Juro que me hervía la sangre. No le voy a contar los pormenores del partido ya
que seguramente a usted no le interesara mucho. Pero fui la figura del partido,
viejo, atajé todo. A los cinco minutos había llegado un centro envenado que
cabeceo Soto y la pelota parecía que entraba al ángulo. No sé dónde saque tanta
agilidad a los 39 años y volé para sacarla de un manotazo al córner. En una
jugada posterior, el mismo Soto le pego cruzado, llegue a sacarla de una forma
formidable. Hubo muchas jugadas más y yo me encargaba de ahogarle el grito a
todos esos desagradecido. Sin embargo me dolía que estuviera dejando sin
posibilidades de ascender al equipo de mis amores, pero estaba tranquilo. A los
30 minutos llego nuestro gol. Tiro libre espectacular que pateo Espasa al ángulo.

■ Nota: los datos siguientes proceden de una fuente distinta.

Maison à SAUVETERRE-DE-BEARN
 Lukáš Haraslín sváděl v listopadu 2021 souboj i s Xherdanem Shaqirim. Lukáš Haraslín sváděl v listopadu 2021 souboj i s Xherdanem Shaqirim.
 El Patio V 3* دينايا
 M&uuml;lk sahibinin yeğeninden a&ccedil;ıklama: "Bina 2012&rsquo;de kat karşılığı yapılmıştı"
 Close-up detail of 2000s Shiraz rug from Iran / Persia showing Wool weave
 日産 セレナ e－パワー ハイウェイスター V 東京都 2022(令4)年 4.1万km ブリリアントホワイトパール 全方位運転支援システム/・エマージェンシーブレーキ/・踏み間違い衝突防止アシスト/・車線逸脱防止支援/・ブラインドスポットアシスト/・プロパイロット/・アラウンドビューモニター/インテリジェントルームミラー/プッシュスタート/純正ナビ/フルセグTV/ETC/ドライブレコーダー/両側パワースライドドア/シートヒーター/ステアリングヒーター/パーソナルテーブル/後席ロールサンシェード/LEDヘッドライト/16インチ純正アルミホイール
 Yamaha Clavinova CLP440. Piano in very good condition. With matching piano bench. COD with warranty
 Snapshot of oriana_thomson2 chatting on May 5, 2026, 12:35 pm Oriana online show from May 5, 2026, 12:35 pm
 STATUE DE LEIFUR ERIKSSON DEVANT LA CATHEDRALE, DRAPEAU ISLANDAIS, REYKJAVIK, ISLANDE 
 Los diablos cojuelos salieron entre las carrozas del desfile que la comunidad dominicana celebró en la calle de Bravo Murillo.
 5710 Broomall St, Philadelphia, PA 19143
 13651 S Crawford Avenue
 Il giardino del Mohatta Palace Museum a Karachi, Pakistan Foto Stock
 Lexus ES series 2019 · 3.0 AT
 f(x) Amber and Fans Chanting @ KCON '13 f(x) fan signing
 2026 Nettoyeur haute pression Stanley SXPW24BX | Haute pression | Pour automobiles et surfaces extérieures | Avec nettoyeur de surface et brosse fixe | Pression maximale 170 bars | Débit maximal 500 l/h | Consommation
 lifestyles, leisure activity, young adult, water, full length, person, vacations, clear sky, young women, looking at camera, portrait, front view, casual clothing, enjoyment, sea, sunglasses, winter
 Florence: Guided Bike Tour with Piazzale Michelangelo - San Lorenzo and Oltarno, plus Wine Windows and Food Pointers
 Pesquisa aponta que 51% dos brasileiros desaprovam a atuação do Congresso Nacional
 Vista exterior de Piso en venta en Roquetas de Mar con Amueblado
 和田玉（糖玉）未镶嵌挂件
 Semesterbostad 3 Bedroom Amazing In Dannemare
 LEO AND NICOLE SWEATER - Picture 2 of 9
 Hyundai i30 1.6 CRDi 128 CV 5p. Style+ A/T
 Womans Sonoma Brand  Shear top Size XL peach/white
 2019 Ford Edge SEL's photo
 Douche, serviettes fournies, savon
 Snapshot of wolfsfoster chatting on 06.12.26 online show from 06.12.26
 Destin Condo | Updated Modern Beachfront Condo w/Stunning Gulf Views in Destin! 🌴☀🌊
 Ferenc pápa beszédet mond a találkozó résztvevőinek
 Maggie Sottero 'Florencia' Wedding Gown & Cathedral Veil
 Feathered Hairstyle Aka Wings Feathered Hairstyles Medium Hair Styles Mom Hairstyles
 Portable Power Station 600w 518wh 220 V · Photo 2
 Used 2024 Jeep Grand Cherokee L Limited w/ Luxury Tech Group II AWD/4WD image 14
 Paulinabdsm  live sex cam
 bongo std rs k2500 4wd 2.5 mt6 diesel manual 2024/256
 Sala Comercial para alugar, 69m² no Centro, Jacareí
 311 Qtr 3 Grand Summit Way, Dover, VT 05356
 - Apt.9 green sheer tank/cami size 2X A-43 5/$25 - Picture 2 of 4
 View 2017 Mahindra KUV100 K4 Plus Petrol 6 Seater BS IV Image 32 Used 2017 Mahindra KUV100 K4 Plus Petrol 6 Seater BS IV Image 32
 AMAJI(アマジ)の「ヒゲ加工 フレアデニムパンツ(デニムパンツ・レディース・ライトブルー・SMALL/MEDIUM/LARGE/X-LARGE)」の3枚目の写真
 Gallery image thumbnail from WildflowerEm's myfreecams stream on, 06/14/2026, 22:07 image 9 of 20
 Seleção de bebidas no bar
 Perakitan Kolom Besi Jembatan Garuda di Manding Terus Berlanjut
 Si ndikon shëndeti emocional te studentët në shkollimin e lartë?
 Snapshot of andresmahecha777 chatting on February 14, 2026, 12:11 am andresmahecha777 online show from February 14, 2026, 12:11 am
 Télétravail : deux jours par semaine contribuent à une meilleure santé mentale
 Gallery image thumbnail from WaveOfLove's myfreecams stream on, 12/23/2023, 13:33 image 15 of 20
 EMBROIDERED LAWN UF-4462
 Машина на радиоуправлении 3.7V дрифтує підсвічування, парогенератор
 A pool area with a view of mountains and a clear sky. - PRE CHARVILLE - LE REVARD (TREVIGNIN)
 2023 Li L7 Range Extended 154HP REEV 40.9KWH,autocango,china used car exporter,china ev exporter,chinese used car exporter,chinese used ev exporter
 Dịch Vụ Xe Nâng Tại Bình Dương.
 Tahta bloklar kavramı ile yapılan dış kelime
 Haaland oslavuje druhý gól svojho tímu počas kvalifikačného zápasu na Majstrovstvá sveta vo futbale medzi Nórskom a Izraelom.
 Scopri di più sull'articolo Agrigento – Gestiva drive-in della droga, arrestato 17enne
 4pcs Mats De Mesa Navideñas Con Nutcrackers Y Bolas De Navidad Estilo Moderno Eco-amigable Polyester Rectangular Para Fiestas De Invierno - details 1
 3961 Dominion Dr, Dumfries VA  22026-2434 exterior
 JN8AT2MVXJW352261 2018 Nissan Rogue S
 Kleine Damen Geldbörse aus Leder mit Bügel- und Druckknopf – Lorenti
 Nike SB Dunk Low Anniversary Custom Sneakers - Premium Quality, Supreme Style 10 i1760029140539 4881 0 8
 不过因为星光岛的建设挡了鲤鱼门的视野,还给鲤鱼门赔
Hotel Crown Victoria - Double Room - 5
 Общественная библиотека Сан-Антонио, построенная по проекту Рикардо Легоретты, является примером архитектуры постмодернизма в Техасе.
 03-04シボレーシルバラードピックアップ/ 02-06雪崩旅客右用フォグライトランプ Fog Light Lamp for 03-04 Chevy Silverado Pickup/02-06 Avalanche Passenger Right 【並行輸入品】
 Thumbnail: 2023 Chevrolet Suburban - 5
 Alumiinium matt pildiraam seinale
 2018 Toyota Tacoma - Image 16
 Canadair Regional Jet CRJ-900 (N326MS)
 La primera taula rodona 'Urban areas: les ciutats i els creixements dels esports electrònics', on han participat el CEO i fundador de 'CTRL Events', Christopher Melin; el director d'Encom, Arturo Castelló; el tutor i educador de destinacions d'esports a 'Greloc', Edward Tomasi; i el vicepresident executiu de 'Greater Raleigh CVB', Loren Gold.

Nos salvábamos del descenso. En el segundo tiempo el rival se desmorono, ya
casi no nos atacaban y si lo hacían chocaban contra mis seguras manos. Y así se
fue el partido. Ganamos de visitante y nos salvamos. Pero le voy a ser sincero,
la mayor alegría la tuve cuando me entere que Dalmine había perdido por 3-0 y
por diferencia de gol Buena Esperanza se metía en el reducido. Le juro que
salte de la alegría por eso. Yo al principio tuve un poco de miedo por algún
tipo de represalia que pudiesen haber tomado en contra mío o contra mi familia.
Pero la verdad que lo único es que pase de ser un simple “mercenario” a ser un “súper
mercenario”. Aún hoy la gente de Buena
Esperanza me cruza en la calle y me dice que por mi culpa casi se quedaron
afuera del octogonal. Me recuerdan con ese vil calificativo. Es triste que pese
más un descenso y ese partido que todo el resto.
Al otro día de terminado
el partido fui a verlo de nuevo a Lucas Finesa.
Me hizo pasar a su departamento, estaba bastante contento el rubio. Me senté
en uno de los sillones de su living mientras su señora nos servía un café y de
fondo se escuchaba un programa infantil, que estaba mirando su pibe de no más
de cinco años. El rubio miro detenidamente el bolso que había traído.
“¿Trajiste eso?” me pregunto expectante Lucas. Abrí uno de los cierres del
bolso y saque una bolsa con doce mil pesos.
Finesa quedo absorto en las doce lucas y se puso a contar billete por
billete. Yo le di un sorbo a mi café pensando que había hecho la mejor
inversión de mi vida, total cuatro mil pesos por gol no era tanta guita.